Week 9 Entry - Rasterization Pipeline & WebGL II

 Rasterization Refresh & Understanding

The overall process of rasterization was, again, the primary focus of the week's content. Shaders and the GLSL code used within them were covered during the lecture. Fragmentation shader results, providing the final colors for all pixels, were altered using both locally calculated values and varying attributes carried over directly from the vertex shader. Tools had been shown to graphically represent functions that could be utilized in creating desired patterns and effects; such effects could include stripes, fluctuations in size, or applying noise.

This week's instruction followed similar themes to the last in regard to understanding more about how the rasterization pipeline is used and implemented. While similar, this week provided more opportunities to interactively learn the functionality of different parts of the rasterization process, which proved very helpful for me.
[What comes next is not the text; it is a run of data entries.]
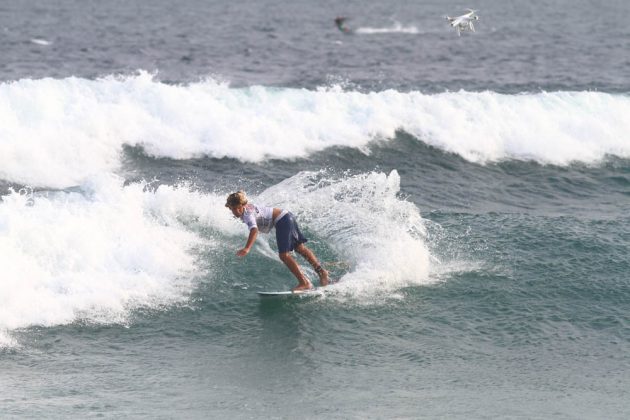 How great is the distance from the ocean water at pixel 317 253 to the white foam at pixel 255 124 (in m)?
0.07

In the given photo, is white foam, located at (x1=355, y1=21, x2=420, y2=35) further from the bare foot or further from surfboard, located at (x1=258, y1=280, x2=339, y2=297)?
surfboard, located at (x1=258, y1=280, x2=339, y2=297)

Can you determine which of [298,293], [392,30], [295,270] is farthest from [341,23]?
[298,293]

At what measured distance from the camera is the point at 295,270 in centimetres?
1252

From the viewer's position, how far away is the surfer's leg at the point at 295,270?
1250 cm

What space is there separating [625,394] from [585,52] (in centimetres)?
3242

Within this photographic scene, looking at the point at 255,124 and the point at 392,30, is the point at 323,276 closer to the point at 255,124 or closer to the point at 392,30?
the point at 255,124

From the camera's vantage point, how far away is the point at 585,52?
40.4 m

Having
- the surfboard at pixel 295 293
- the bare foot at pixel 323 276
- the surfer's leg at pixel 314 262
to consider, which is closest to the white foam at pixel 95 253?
the surfboard at pixel 295 293

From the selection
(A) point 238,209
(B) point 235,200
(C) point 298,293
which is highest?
(B) point 235,200

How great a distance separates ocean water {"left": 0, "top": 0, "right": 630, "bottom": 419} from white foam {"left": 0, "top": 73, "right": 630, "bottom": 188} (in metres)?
0.07

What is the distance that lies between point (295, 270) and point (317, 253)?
4.97ft

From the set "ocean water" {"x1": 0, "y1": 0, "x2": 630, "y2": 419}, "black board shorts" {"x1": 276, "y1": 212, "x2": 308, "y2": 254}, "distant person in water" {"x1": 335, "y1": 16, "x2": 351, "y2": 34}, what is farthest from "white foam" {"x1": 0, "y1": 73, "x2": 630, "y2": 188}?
"distant person in water" {"x1": 335, "y1": 16, "x2": 351, "y2": 34}

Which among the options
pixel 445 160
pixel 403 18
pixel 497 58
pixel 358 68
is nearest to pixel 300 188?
pixel 445 160

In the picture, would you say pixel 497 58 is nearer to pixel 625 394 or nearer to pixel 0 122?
pixel 0 122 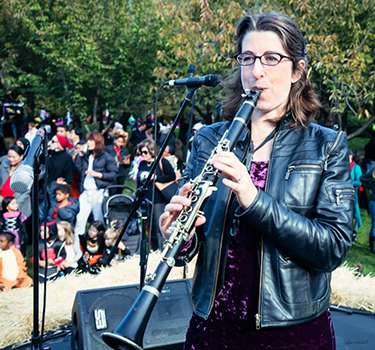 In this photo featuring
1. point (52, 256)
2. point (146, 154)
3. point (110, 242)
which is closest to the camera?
point (52, 256)

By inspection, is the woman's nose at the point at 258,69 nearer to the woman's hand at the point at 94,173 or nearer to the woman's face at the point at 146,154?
the woman's face at the point at 146,154

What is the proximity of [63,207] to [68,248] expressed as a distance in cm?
89

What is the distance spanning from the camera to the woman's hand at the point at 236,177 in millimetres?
1295

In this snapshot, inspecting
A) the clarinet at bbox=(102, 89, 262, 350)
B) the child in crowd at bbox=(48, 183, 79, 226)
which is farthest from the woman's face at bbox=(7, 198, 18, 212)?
the clarinet at bbox=(102, 89, 262, 350)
The previous assignment being mostly rooted within the main HTML file made it difficult to follow the data through the pipeline and understand each step independently. While I still cannot claim to be an expert with shaders yet, manipulating matrices to alter the image displayed on the canvas felt intuitive and predictable. In all, this assignment was very satisfying to complete, much more so than the previous one, and I look forward to continuing the process of making it clearer and perhaps more dynamic.

Walkthrough of the processes occurring at each step of the rasterization pipeline.

Not Without A Dash Of Challenge

As a small aside, I do feel as if I have room to grow more comfortable within a JavaScript environment. While other languages may also let you get away with compiling despite some faults, JavaScript really has a loose hold on the reins. I am still getting used to how prototypes and object literals are used. Even while seeing how beneficial adding a property to a variable with such ease is helpful in many situations, for example, it adds another layer of code readability concern that often affects me while I am still writing the code, let alone returning to find potential errors. I miss having some types every so often. All of that said, however, this assignment's separation of the code files the organization used amounted to an easier understanding of the same structures used in last week's assignment.

The only other hiccup I ran into involved the camera world matrix manipulation once rotation about the y-axis was introduced for the camera. I overcomplicated the process of retrieving the forward vector by trying to access and compute the three components of the rotated camera world matrix separately; thinking at the time that I needed to compute the forward using the new angles of a now rotated z-basis vector. That said, I stepped away for a moment, thought through the process top-down rather than continue throwing computations and seeing what stuck, and came away with the very simple, computation-less, likely expected result for handling the four keyboard inputs. 

Humble beginnings. As usual.

Two geometry transformed into the space. Forward and
backward input responses added.

Color-changing and rotatable first-person perspective action.